What you are asked to do
In the data below, restate exactly the lines from the one with "Satisfyer G-Spot Flex" to the final line, both included, but not the pictures.
──────── Provided material
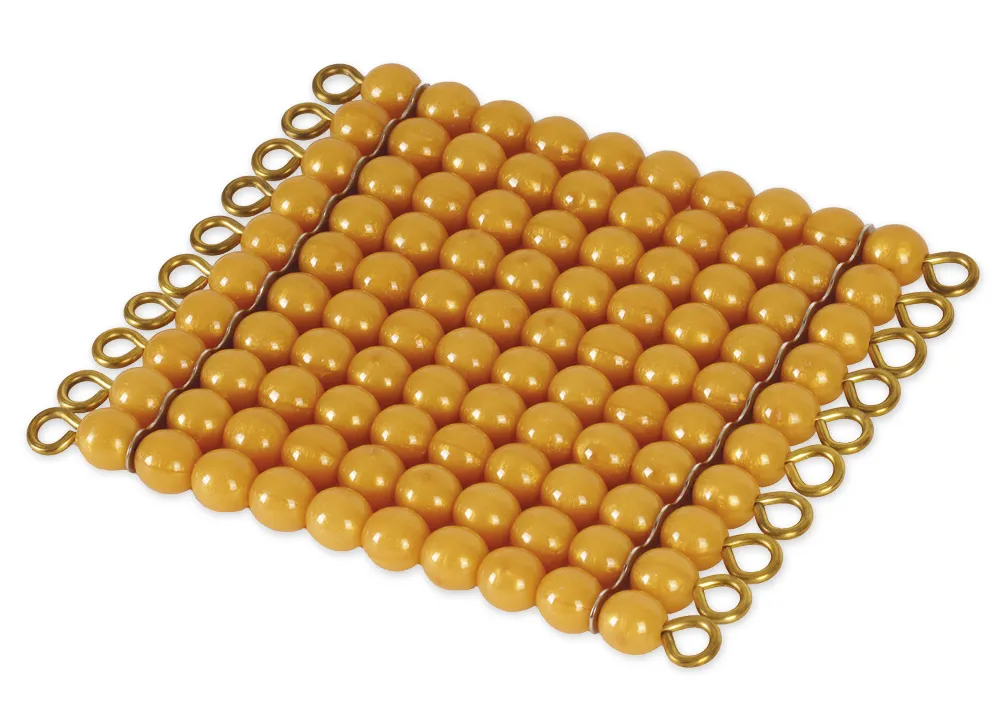 TimeTEX Hunderterquadrat, 1 Stück "Montessori Premium"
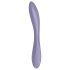 Satisfyer G-Spot Flex 2 - wodoodporny wibrator na G-punkt z akumulatorem (fioletowy)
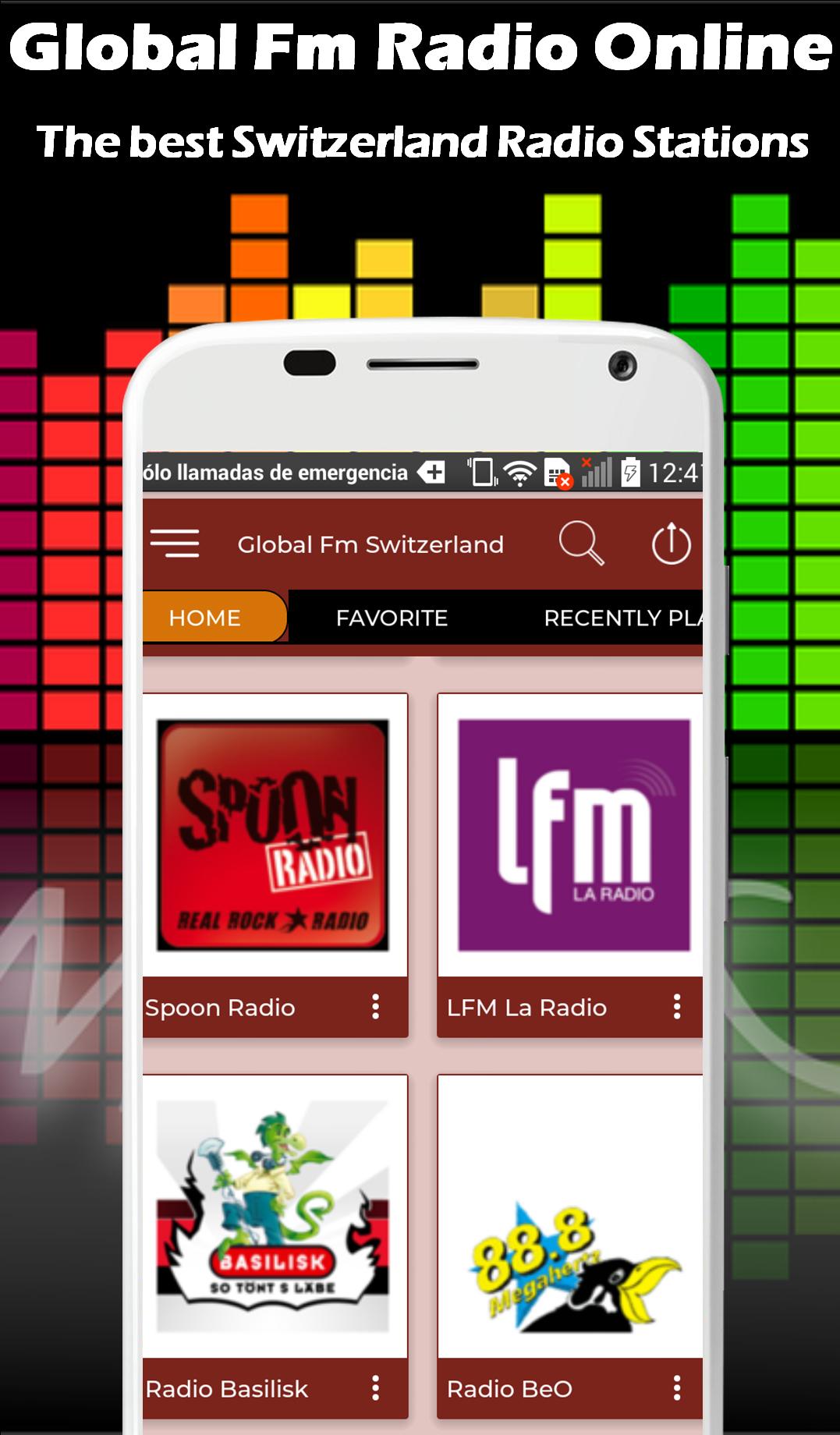 Global Fm Radio Online Switzerland Radiostations for Android - APK Download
────────────────
Answer section
 Satisfyer G-Spot Flex 2 - wodoodporny wibrator na G-punkt z akumulatorem (fioletowy)
 Global Fm Radio Online Switzerland Radiostations for Android - APK Download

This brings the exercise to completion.